Work order >> Go through the records and count every line that holds "Bloom". Only the number belongs in the reply.
====== Excerpted records ======
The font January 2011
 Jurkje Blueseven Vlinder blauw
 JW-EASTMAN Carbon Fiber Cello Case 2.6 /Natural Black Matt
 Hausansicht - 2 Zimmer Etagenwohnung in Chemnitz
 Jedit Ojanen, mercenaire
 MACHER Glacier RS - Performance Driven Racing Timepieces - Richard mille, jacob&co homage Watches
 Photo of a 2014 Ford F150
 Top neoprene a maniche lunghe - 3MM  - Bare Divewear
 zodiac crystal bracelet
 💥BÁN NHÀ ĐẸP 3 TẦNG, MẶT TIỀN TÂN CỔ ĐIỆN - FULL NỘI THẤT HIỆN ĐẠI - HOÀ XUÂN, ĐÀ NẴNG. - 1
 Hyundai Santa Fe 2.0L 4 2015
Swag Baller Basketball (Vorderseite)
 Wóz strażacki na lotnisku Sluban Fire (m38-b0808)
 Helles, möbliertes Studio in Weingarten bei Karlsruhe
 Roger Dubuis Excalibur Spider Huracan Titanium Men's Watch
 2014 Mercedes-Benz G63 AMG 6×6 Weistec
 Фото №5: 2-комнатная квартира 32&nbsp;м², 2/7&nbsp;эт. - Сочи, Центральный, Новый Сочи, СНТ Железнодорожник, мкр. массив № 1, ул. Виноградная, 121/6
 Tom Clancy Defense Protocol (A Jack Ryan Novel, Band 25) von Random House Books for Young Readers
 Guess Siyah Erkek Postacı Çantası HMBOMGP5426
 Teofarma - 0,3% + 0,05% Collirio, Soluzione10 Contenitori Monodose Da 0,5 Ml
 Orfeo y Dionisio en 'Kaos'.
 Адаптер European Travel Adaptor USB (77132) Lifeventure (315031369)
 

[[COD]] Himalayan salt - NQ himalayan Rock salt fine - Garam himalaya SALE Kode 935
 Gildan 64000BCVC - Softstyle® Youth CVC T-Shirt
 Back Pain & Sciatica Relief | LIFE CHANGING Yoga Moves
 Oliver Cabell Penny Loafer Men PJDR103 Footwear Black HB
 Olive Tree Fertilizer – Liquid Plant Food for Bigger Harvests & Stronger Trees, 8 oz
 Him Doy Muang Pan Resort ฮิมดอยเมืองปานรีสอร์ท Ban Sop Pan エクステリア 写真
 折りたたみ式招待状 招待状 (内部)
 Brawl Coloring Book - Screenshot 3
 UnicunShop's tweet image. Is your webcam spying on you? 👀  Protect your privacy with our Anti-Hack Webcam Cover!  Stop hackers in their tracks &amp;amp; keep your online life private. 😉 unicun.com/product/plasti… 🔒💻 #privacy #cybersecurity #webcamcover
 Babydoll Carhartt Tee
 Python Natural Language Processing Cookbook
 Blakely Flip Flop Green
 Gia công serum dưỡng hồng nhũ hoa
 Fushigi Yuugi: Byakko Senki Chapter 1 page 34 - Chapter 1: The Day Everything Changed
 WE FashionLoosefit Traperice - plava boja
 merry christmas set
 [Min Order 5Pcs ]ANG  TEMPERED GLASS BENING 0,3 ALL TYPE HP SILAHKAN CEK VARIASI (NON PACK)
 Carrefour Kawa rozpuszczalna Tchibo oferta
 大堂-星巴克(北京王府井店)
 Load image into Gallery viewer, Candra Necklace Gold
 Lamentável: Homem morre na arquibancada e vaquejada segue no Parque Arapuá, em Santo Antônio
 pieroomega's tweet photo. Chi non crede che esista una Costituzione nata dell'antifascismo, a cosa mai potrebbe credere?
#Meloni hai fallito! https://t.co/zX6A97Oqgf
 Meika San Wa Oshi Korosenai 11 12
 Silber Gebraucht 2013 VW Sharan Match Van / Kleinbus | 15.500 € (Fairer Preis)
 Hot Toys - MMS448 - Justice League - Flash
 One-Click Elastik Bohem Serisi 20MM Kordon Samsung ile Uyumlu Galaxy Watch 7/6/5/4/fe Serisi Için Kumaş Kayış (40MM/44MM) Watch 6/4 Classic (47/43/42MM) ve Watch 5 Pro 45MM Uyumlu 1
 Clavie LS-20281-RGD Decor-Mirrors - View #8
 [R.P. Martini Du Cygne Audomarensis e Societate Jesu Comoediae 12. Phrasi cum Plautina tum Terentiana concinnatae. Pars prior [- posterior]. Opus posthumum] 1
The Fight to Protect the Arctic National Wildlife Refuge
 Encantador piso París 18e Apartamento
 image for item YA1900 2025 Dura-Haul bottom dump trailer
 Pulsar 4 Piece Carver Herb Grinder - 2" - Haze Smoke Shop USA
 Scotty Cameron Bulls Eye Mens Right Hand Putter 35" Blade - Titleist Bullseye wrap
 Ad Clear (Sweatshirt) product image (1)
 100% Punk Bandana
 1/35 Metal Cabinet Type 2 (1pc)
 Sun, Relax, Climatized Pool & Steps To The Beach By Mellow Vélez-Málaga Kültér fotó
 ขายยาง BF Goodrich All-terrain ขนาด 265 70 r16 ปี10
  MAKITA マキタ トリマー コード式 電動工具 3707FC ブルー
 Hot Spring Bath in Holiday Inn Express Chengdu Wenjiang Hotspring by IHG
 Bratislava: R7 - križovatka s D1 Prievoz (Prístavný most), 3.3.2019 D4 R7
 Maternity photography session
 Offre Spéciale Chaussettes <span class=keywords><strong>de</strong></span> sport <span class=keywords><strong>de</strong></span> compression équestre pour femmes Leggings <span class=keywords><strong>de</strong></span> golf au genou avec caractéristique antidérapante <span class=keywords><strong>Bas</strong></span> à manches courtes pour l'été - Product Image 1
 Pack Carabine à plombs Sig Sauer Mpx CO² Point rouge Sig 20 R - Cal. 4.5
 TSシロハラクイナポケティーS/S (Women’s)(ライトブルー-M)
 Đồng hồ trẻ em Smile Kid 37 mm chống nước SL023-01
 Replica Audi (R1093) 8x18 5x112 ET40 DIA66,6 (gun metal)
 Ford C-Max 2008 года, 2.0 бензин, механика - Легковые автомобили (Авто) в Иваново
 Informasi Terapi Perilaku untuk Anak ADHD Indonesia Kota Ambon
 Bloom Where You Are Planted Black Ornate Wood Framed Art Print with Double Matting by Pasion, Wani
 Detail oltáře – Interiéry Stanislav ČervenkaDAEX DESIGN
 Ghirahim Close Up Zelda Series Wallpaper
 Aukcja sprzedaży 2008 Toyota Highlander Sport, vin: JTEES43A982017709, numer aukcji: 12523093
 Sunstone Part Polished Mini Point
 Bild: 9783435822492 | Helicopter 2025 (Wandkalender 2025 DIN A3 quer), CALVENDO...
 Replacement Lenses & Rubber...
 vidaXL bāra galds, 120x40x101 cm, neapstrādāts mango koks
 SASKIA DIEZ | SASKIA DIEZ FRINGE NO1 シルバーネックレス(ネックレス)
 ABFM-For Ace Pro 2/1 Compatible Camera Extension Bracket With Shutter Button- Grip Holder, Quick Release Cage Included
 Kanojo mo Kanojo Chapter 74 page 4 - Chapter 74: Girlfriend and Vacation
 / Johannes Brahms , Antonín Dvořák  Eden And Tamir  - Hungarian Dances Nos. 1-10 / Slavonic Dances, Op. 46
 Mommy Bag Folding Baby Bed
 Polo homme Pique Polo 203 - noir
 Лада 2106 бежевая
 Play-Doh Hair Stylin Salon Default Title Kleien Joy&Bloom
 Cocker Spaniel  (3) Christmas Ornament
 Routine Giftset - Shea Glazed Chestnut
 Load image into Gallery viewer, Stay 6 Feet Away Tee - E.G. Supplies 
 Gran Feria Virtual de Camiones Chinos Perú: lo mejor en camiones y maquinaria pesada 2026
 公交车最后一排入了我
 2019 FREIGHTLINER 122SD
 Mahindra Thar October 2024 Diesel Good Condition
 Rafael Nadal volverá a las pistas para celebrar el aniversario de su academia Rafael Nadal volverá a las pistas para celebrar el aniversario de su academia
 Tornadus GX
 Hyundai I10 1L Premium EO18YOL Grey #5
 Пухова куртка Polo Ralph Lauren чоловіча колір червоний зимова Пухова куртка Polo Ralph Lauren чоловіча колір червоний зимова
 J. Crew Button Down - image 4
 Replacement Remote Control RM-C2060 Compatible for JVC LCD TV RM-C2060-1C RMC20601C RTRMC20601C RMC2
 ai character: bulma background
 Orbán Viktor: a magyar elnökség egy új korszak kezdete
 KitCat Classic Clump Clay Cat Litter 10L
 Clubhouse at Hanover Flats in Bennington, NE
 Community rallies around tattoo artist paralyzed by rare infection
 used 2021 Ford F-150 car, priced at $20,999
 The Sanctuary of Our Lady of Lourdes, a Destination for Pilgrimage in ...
======
Problem solution >> 2